In O’Hare & ors v Coutts & Co [2016] EWHC 2224 (QB), Coutts, the private bank, was found to owe a duty to take reasonable care to ensure its clients were aware of the risks of suggested investments. This is an important development in professional negligence law and one that may have far-reaching consequences.

The claimants in O’Hare were wealthy individuals who had engaged Coutts as their bankers. Coutts advised them to invest in five products between 2007 and 2010. The claimants alleged that Coutts’s investment advisers had negligently advised them before they decided to purchase the products, which, they argued, were not suitable for their circumstances.

Standard of care

The key part of Mr Justice Kerr’s ruling in O’Hare concerned the standard of care. Traditionally the adequacy of a professional’s advice has been judged by asking whether that professional ‘was acting in accordance with a practice of competent respected professional opinion’ – the well-known Bolam test.

The relevant standard of care under Bolam is that of a reasonably competent practitioner in the field in which the defendant practises – in this case, an investment adviser. Under Bolam, if there is a respected body of professional opinion that would have taken the same approach as the defendant, the defendant will not be found to have been negligent.

The Supreme Court has held that Bolam does not govern the standard of care demanded of a medical professional when explaining the risks to a patient. In the landmark case of Montgomery a different duty was imposed – medical professionals must ‘take reasonable care to ensure that the patient is aware of any material risks involved in any recommended treatment, and of any reasonable alternative or variant treatments’.

The Montgomery decision has been of great significance to doctors and their insurers, leading to substantial changes in the practice of medicine. Since the decision, commentators have speculated that it may be applied more widely. O’Hare represents the first major move in that direction.

Proper dialogue

In his judgment Kerr J extended the application of Montgomery to define the standard of care to be applied to the investment adviser explaining to a client the level of risk attached to an investment. In his view, ‘the required extent of communication between financial adviser and client to ensure the client understands the advice and risks attendant on a recommended investment’ is not governed by Bolam. There was, in Kerr J’s view, a direct analogy to the relationship between doctor and patient as ‘in the context of investment advice there must be proper dialogue and communication between adviser and client’.

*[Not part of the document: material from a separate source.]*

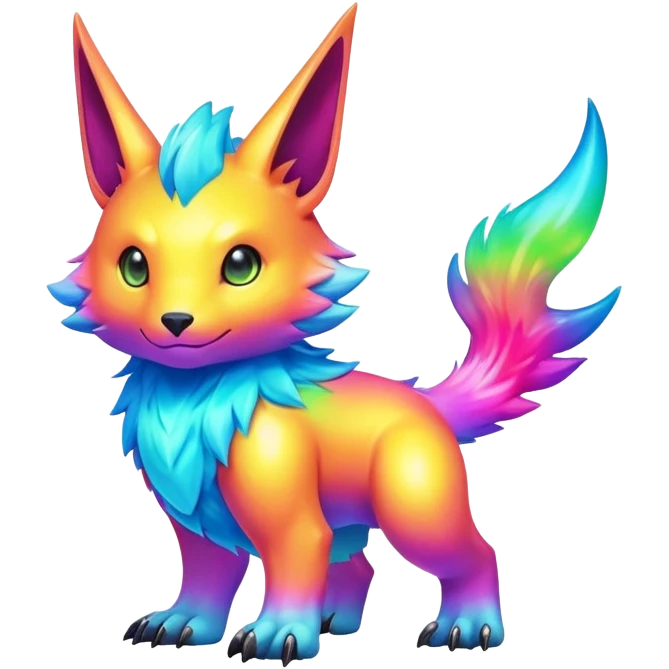 lush warm-colored modern colorful neon-colored Fakémon-Digimon-Fionbri-Trico-creature emoji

Further, since there is little consensus within the financial services industry on how to treat risk appetite there was no generally accepted and responsible practice by which to apply the Bolam test. Instead, as the conduct of business regulatory regime mandates investment advisers properly to explain risk to their clients before they take a decision, and that is ‘strong evidence of what the common law requires’, Kerr J imposed the Montgomery standard. When advising its clients on the investments, Coutts fell under a duty to take reasonable care to ensure the clients were aware of the risks they were considering.

Ultimately, Kerr J decided Coutts had taken reasonable care to make sure the clients were aware of the risks and the claim failed. It remains to be seen, however, whether Montgomery will continue to be applied to cases involving financial professionals. Such an extension may for a time be restricted to cases with similar facts, but in the medium term it is probable that the Montgomery standard of care will become the appropriate one for cases involving advice on risk given by all professionals who must ensure ‘proper dialogue and communication between adviser and client’. If that is the approach taken by the courts then the decision will be of very broad significance, particularly to negligence claims against solicitors.